◆ **EXERCISE DESCRIPTION**
Your task is to restate the listing word for word without the pictures.

◆ **DATA BELOW**
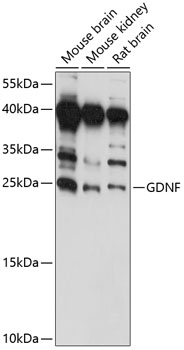 Western blot analysis of extracts of various cell lines using GDNF Polyclonal Antibody at 1:1000 dilution.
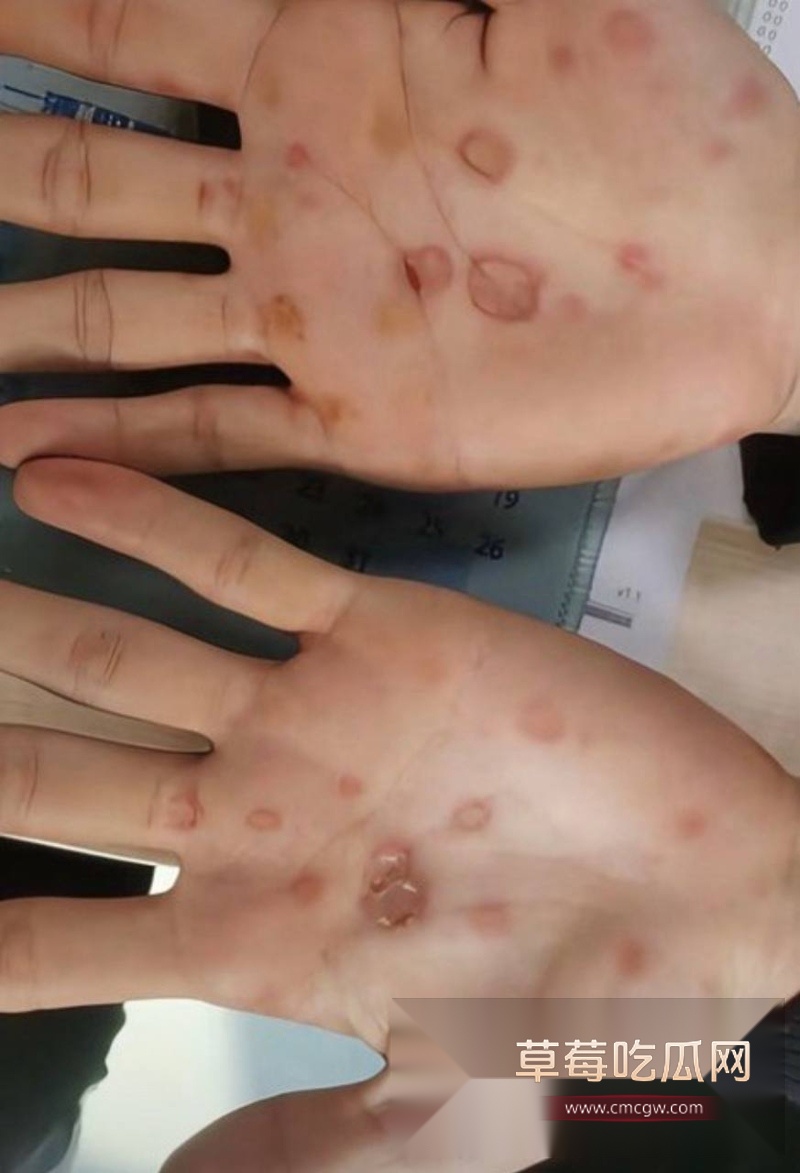 小澈梅毒 7 小澈梅毒 7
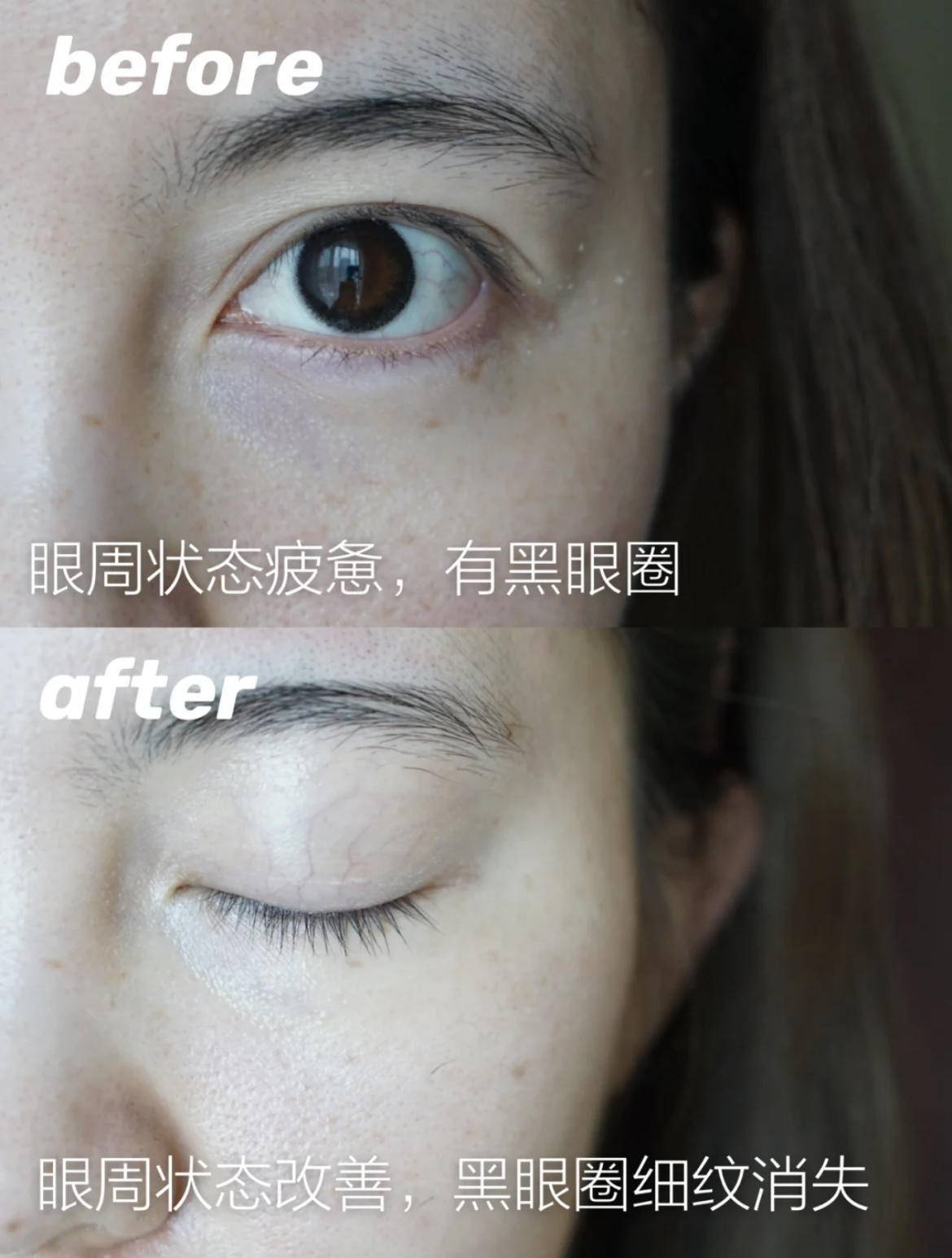 眼睛没有细纹需要眼膜吗,眼膜有用吗能去皱纹吗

◆ **SOLVED EXERCISE**
 Western blot analysis of extracts of various cell lines using GDNF Polyclonal Antibody at 1:1000 dilution.
 小澈梅毒 7 小澈梅毒 7
 眼睛没有细纹需要眼膜吗,眼膜有用吗能去皱纹吗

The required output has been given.